Since this original test, even more significant increases in muscle fiber numbers have been seen with this type of weight-induced stretching.
Sure, this concept has been supported in animal studies, but it’s not like any of us are going to walk around for weeks at a time with weights strapped to us…
So how can you take advantage of it?
Remember, in order to trigger hyperplasia, a muscle fiber needs to be stretched while under tension. Now, this is not static stretching or yoga... It’s a much more painful, deliberate stretch of the muscle tissue.
It can be a bit hard to explain, so think of it this way…
After performing a working set, hold the weight in the position where your muscle is stretched, before continuing with a lower weight.
For example, a row machine where you hold the weight with your arms fully extended after a set for 20 seconds, before dropping the weight and performing 8-10 more reps.

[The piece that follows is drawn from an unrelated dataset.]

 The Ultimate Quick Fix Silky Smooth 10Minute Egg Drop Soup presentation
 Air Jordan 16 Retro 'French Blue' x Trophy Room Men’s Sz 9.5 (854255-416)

A preacher curl where you pause the weight at the lower range of the motion (not locked out) and hold it there for 20 seconds before dropping the weight and performing more reps.
This can be done for just about any muscle group, just remember that you need to stretch the muscle fiber while under tension.
When used together, these two concepts can help you build new muscle fibers and increase the size of these fibers, resulting in significantly more muscle growth.
It’s not easy, and requires mental strength to utilize this type of training. The stretch can be painful, and the lactic acid buildup is unbelievable intense… but If you’re looking to build serious mass, give it a try!
 Sola OM, Christensen DL, Martin AW: Hypertrophy and hyperplasia of adult chicken anterior latissimus dorsi muscles following stretch with and without denervation. Exp Neurol 1973, 41:76-100.